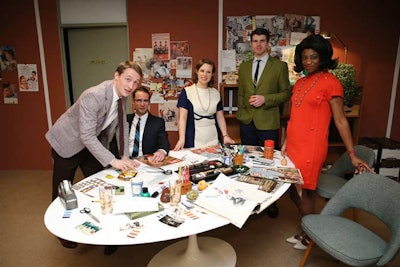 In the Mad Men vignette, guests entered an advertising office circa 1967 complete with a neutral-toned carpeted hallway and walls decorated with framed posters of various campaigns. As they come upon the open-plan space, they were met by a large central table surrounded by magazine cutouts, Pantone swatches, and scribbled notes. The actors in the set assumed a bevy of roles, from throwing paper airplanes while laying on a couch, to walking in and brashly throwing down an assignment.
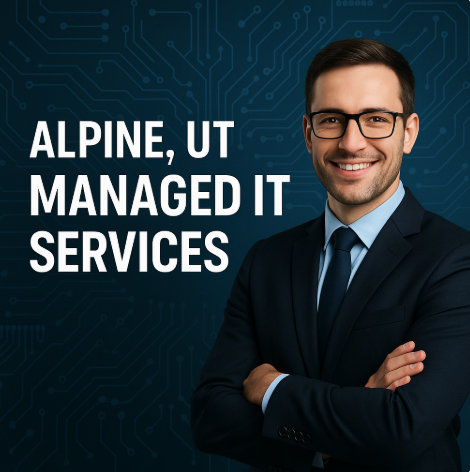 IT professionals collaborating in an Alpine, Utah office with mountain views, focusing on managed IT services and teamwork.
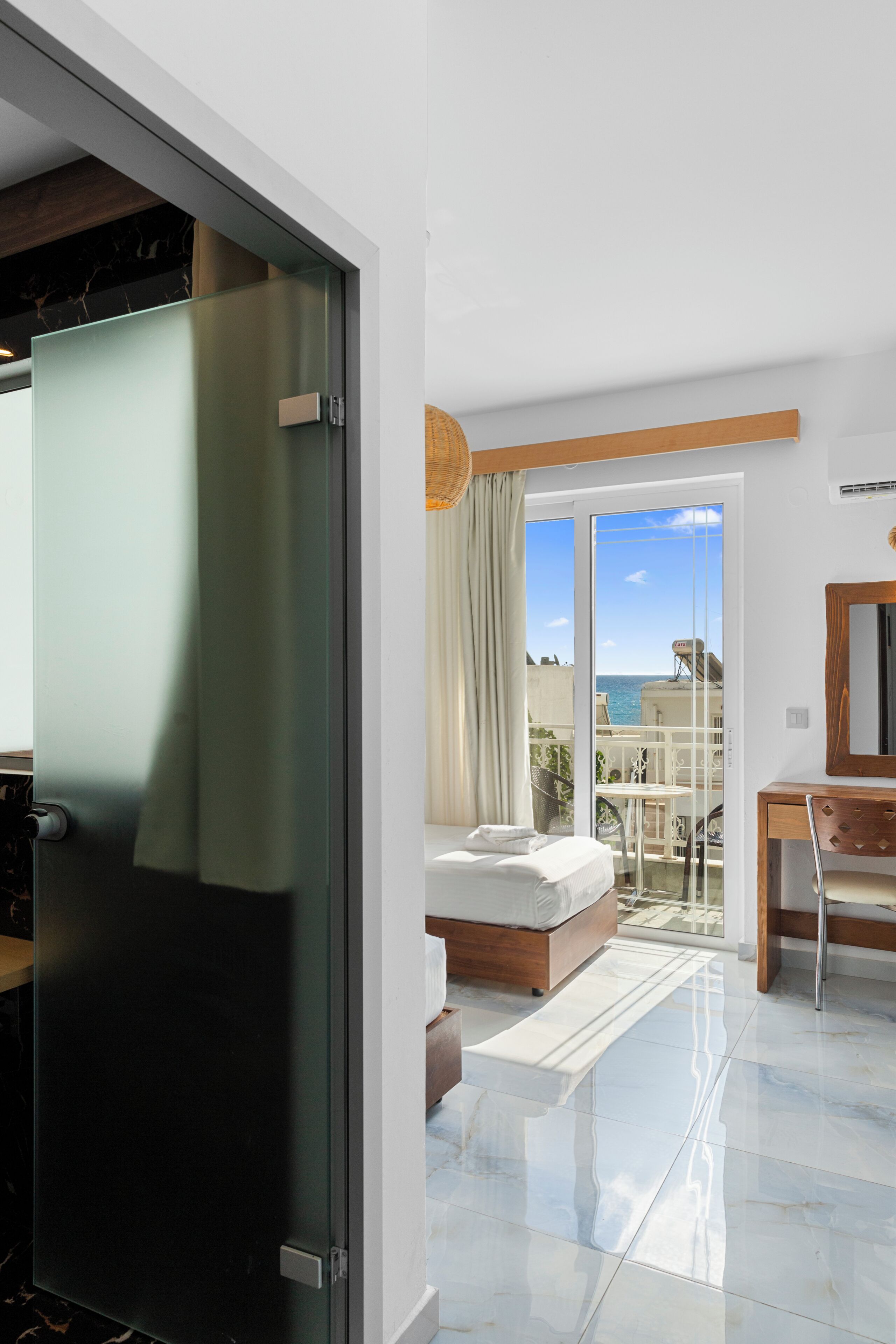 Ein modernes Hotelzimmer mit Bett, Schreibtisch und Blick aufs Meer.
...
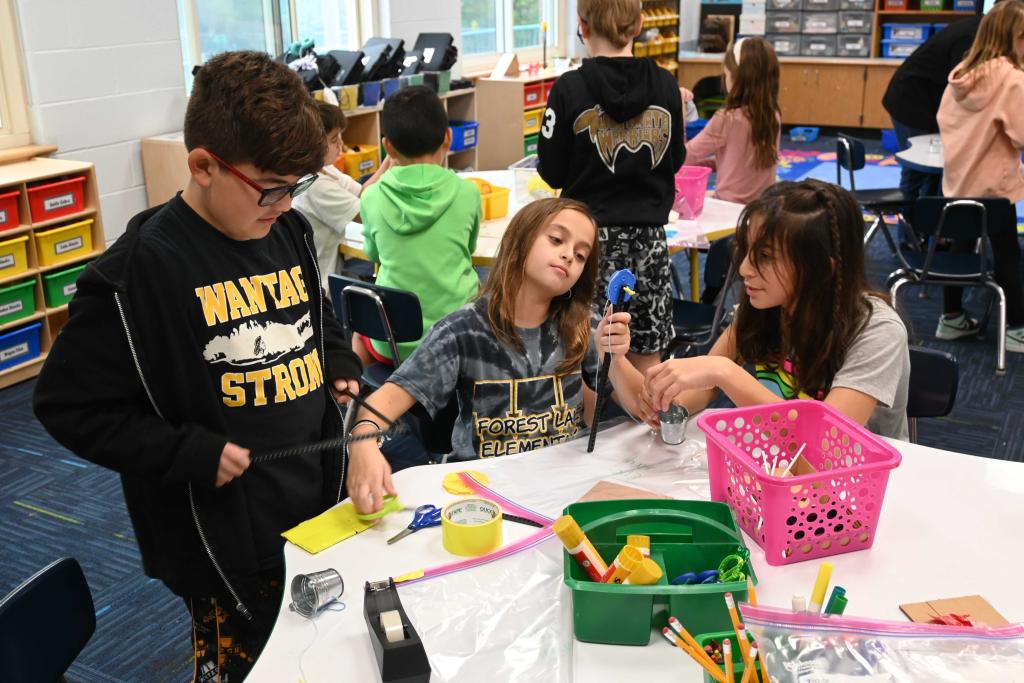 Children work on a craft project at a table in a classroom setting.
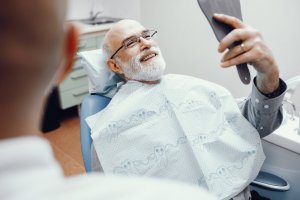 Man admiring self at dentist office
--
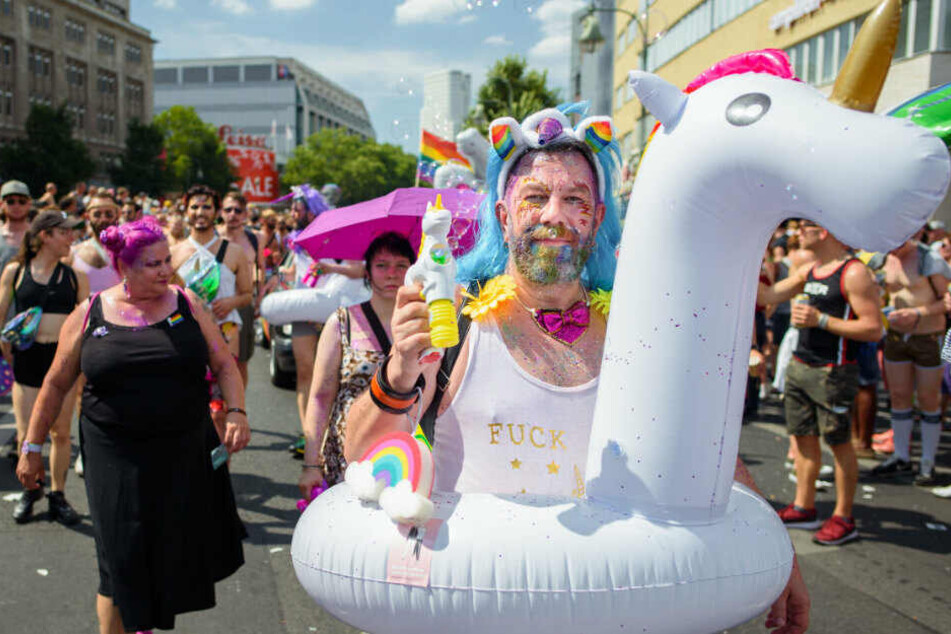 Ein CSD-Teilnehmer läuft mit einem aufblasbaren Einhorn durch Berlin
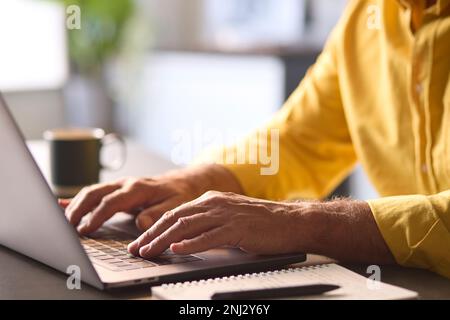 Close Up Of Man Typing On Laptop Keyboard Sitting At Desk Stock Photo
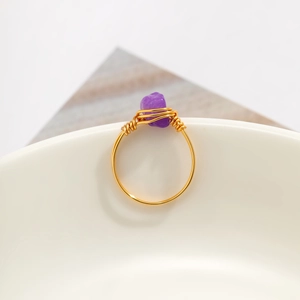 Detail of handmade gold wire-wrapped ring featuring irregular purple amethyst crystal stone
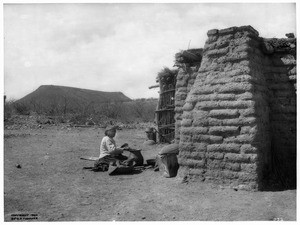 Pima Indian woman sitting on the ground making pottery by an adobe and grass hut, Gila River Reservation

(GOAL OF THE EXERCISE): Each line between the one holding "IT professionals collaborating" and the one holding "Ein modernes Hotelzimmer", inclusive, should be copied exactly as it appears above, and pictures should be omitted.

(EXERCISE ANSWER):
 IT professionals collaborating in an Alpine, Utah office with mountain views, focusing on managed IT services and teamwork.
 Ein modernes Hotelzimmer mit Bett, Schreibtisch und Blick aufs Meer.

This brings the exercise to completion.